[Stored data]
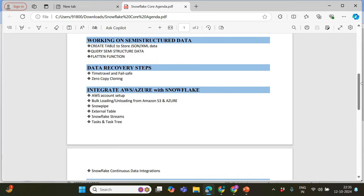Next we're going to have data recovery steps, which is a very important and unique feature — widely used and widely loved — and that is time travel. If you have mistakenly deleted or dropped your database, or mistakenly updated millions of records and need to recover that original data, time travel handles that. Along with time travel, there is also zero copy clone, which is another very important feature we will be learning.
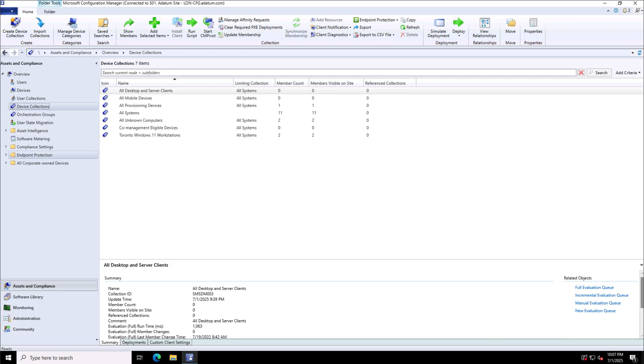So this is how we create the device collections to target the deployments, deployments of the applications, packages, compliances or any other requirements. I hope this was informative to you. Thanks for watching and do subscribe the channel if you have not subscribed it yet.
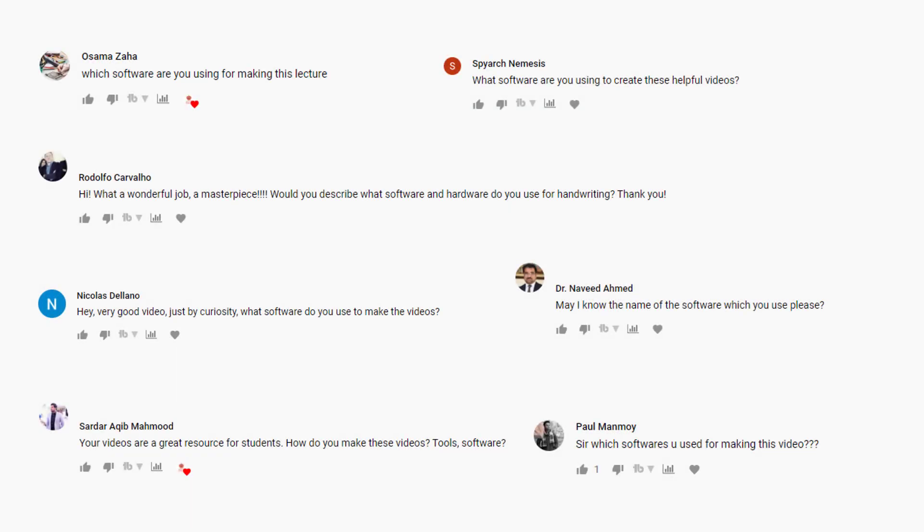So you guys have asked me for a long period of time exactly how I make my videos look like this.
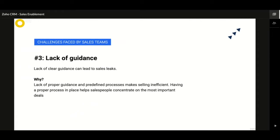Without a standardized process, salespeople might get lost on what they should be doing next. This brings down the entire team's productivity, as the salesperson needs to be clarified on next steps by another team member. It is vital to have a properly guided process in place to make the sales process efficient — and more importantly, it allows people to concentrate on the deals that they are working.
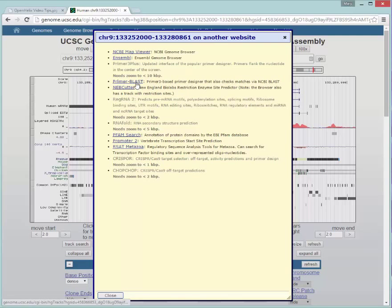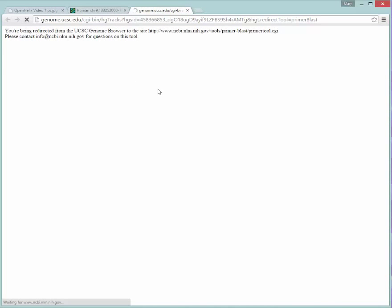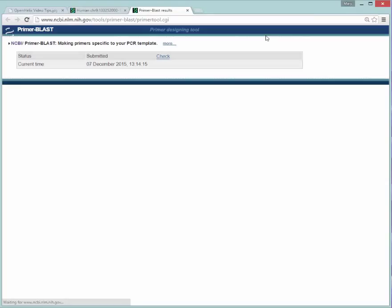First, I'll click this Primer Blast. And what this is doing is it's taking that sequence that was in our window and it's now sending it over to NCBI to use the Primer Blast tool to obtain potential primers that might be useful for us. So you'll see that it will load over here and it will take a little while to get into the queue.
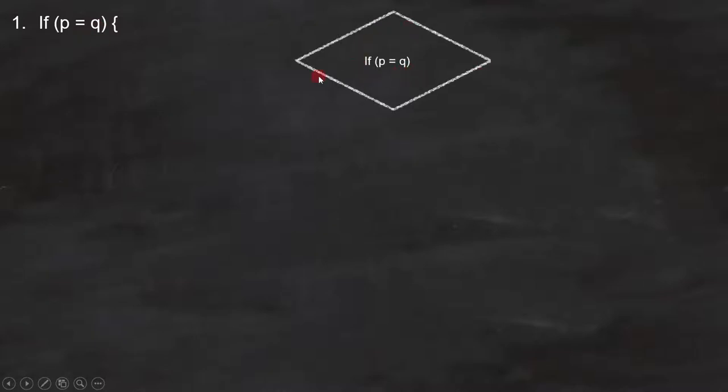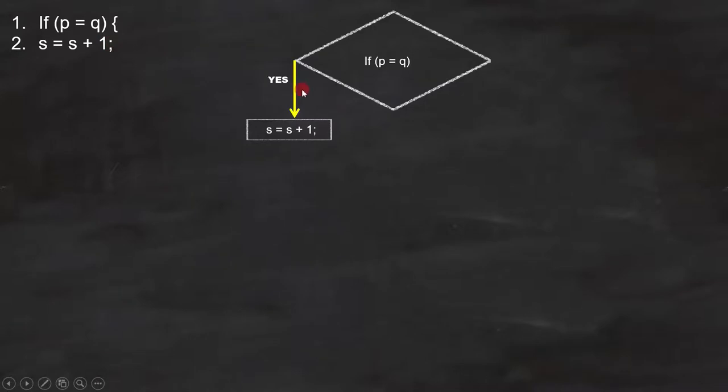Line number 2 is s equals to s plus 1. Since it is a statement, we can place it like this.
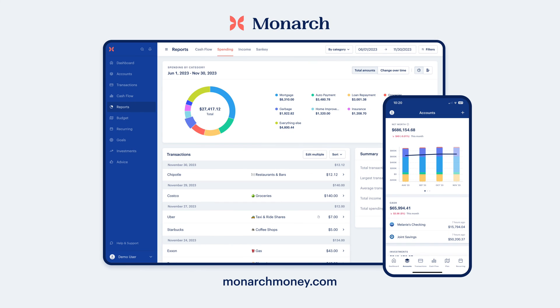That's it. You're ready to generate reports in Monarch and better understand where your money is going. Sign up today and try it for free at monarchmoney.com.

Task statement:
Transcribe every entry exactly. Leave out the pictures.

Problem solution:
Next we're going to have data recovery steps, which is a very important and unique feature — widely used and widely loved — and that is time travel. If you have mistakenly deleted or dropped your database, or mistakenly updated millions of records and need to recover that original data, time travel handles that. Along with time travel, there is also zero copy clone, which is another very important feature we will be learning.
So this is how we create the device collections to target the deployments, deployments of the applications, packages, compliances or any other requirements. I hope this was informative to you. Thanks for watching and do subscribe the channel if you have not subscribed it yet.
So you guys have asked me for a long period of time exactly how I make my videos look like this.
Without a standardized process, salespeople might get lost on what they should be doing next. This brings down the entire team's productivity, as the salesperson needs to be clarified on next steps by another team member. It is vital to have a properly guided process in place to make the sales process efficient — and more importantly, it allows people to concentrate on the deals that they are working.
First, I'll click this Primer Blast. And what this is doing is it's taking that sequence that was in our window and it's now sending it over to NCBI to use the Primer Blast tool to obtain potential primers that might be useful for us. So you'll see that it will load over here and it will take a little while to get into the queue.
Line number 2 is s equals to s plus 1. Since it is a statement, we can place it like this.
That's it. You're ready to generate reports in Monarch and better understand where your money is going. Sign up today and try it for free at monarchmoney.com.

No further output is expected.